Contenu
Grand format
Inédit
Tout public
Traduit de l'anglais (États-Unis) par Karine Lalechère
Paris : Sonatine, mars 2014
312 p. ; 22 x 14 cm
ISBN 978-2-35584-243-6
Le James Bond du crime
Même chez les auteurs de thriller, il arrive un moment où jouer avec les codes du genre ne suffit plus - c'est d'ailleurs ce que les théoriciens évoquaient déjà pour la littérature générale avec le post-modernisme. Cette évolution du genre gagne donc à présent les paralittératures, et c'est sans aucun doute dans cette lignée que Shane Kuhna a décidé de travailler : décrire le milieu des tueurs à gage de l'intérieur, avec des rebondissements réguliers, des morts en cascade, le tout avec ironie et recul.

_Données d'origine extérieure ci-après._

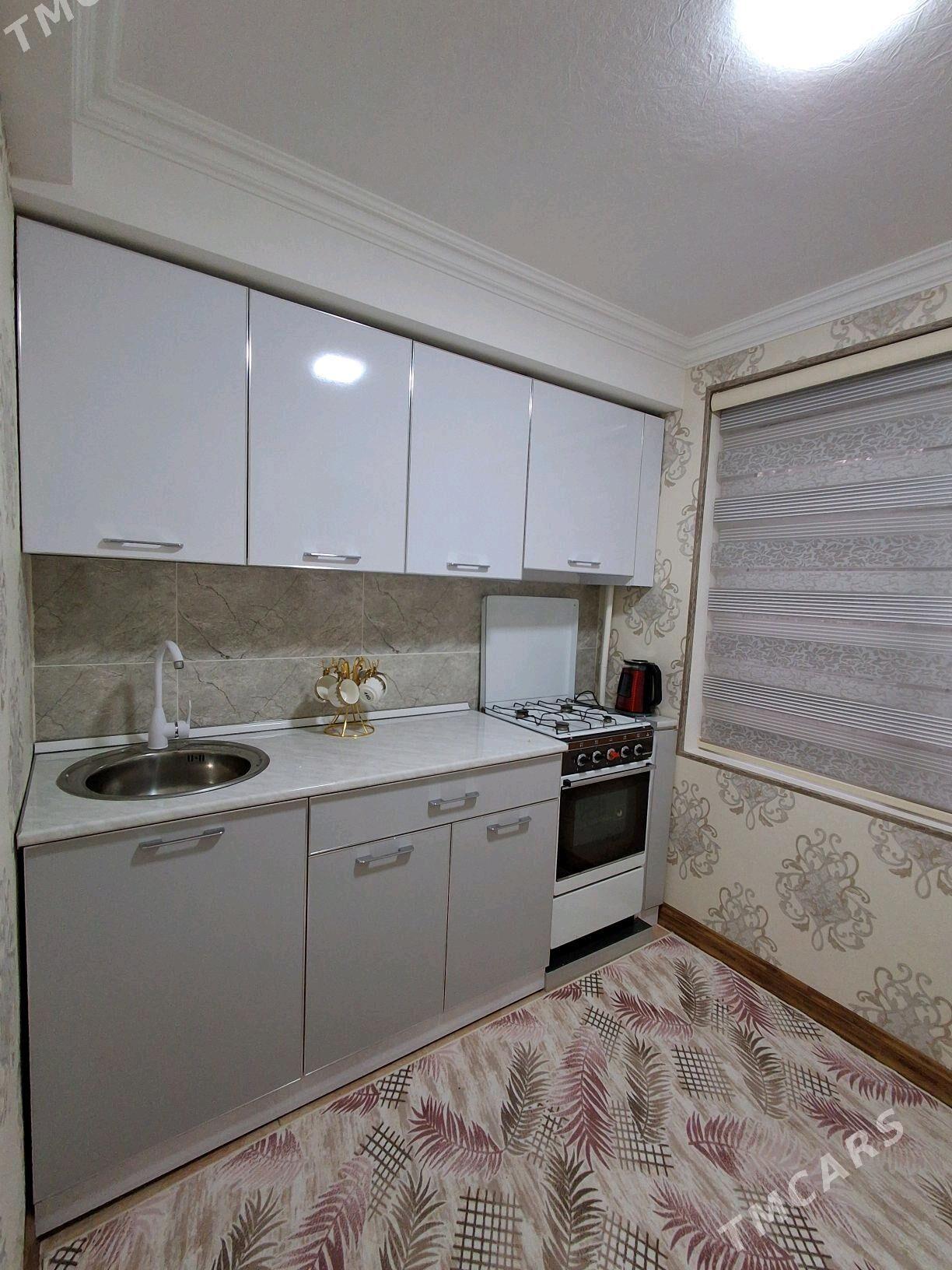 satlyk jay - Mary - img 5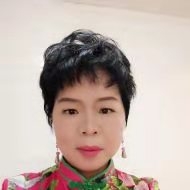 文华的第一张照片--惠州相亲服务中心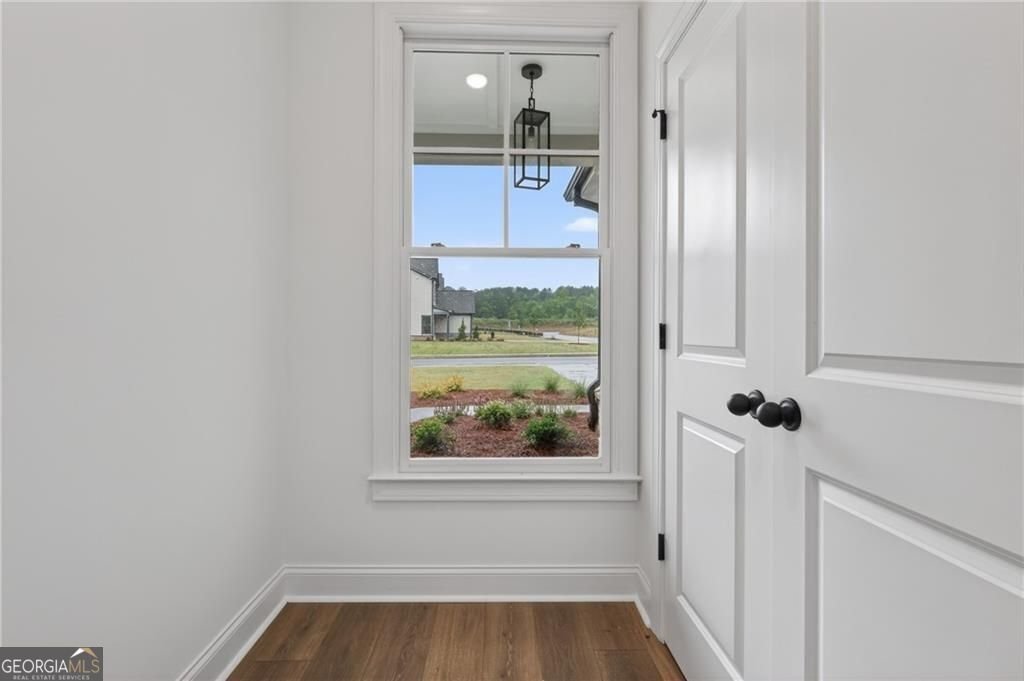 69 STANLEY Drive Winder - Photo 21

Tout est raconté du point de vue de John Lago, un narrateur qui doit effectuer sa dernière mission : découvrir qui trahit les clients dans un cabinet d'avocat et l'éliminer. Pour se faire, de manière discrète, le meilleur moyen est de devenir stagiaire dans l'entreprise car personne ne remarque les stagiaires... Ces passages donnent lieu à un humour pince sans rire, à la ressemblance des romans sociétaux de Donald Westlake.

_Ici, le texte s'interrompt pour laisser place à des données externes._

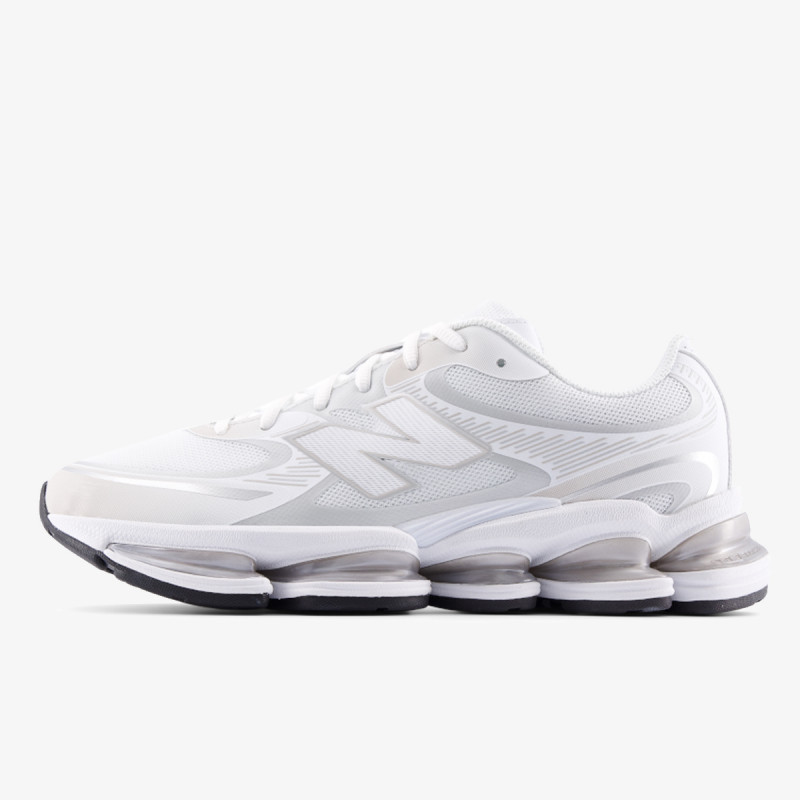 NEW BALANCE Tenisice 2000 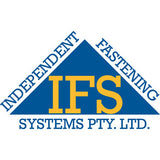 files/IFS-Logo-WEB.jpg
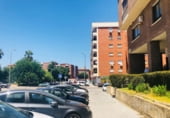 60m² commercial premises for sale in Badajoz, in the area of San Roque photo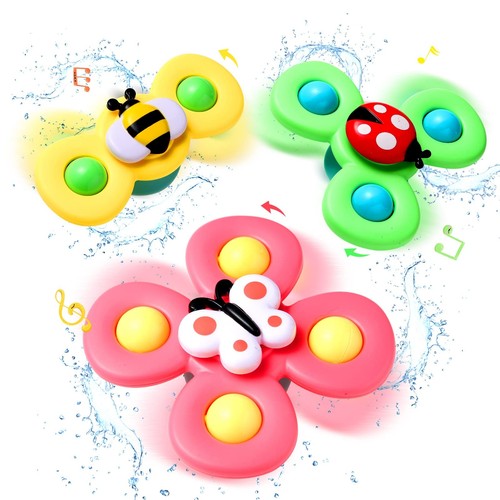 Hooku pcs suction cup - hooku,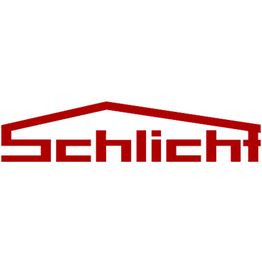 Jürgen Schlicht Bauunternehmen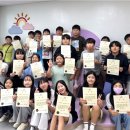 조치원읍 중앙요양병원 이미지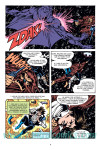 Comics star wars 3 página 4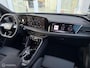 Audi Q5 2.0 TFSI e-hybrid quattro S edition Competition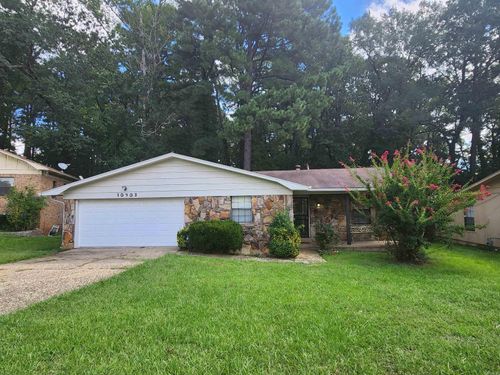 10903 Appomattox Dr, Mabelvale, AR, 72103-2110 | Card Image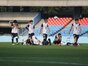 試合シーン89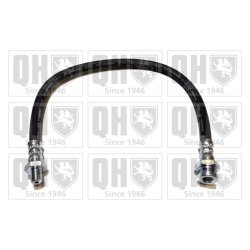 Brake Hose Pipe QUINTON HAZELL BFH4563 OE Ref 4620189946 QUINTON HAZELL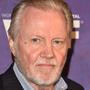 Jon Voight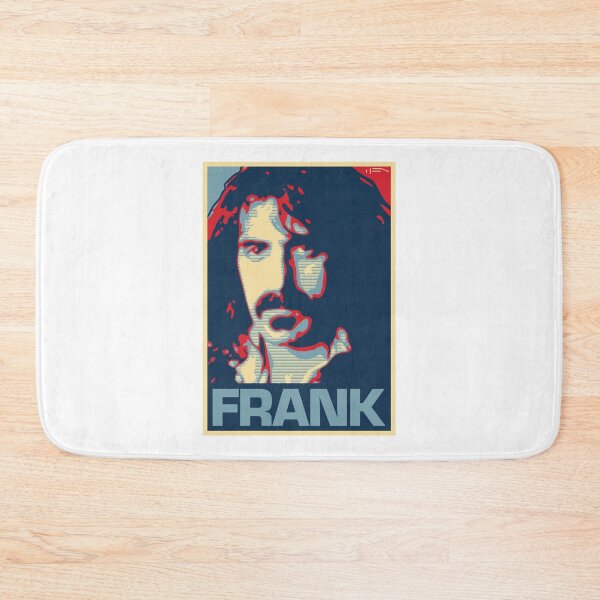 Item preview, Frank designed and sold by DFA.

Comme dans tout thriller qui se respecte, il faut accorder une part de l'histoire à une relation amoureuse orageuse. C'est le cas car le narrateur a besoin d'une femme déjà installée dans l'entreprise pour grimper dans la hiérarchie et obtenir des renseignements sur les cibles potentielles. Bien évidemment la relation est complexe car la femme en question est bien mystérieuse capable tout aussi bien d'être une oie blanche que de jouer un double, voire un triple jeu. Le romancier va même jusqu'à imaginer Ressources Humaines Inc., une académie des tueurs à gage, chargée de repérer des orphelins depuis l'enfance qu'elle pourra contrôler, une académie aux rouages complexes, capable de placer ses espions-tueurs à gages n'importe où et n'hésitant pas à sanctionner de mort ceux qui ratent un examen de passage !
Le style rapide et nerveux de Shane Kuhn, usant de l'ironie mordante qui caractérise la profession même de son personnage, permet de faire passer l'ensemble de l'intrigue et tous ses rebondissements de plus en plus abracadabradantesques (le tueur retrouve son père qu'il croyait mort, il lutte contre une armée de mercenaires dans un avion, etc.) jusqu'à la conclusion finale pour un récit qui ne se prend pas au sérieux, mais qui est narré sérieusement ce qui est une marque de politesse de la part de l'auteur. Entraîné dans le tourbillon, le lecteur se laisse emmener sans déplaisir au long des pages, pour un texte qui lui accorde quelques heures de détente dans ce monde de brutes.
Citation
Tu es le dernier maillon de la chaîne alimentaire, mais tu as une telle faculté d'adaptation que le petit père Darwin, il en aurait pissé dans son pantalon en tweed.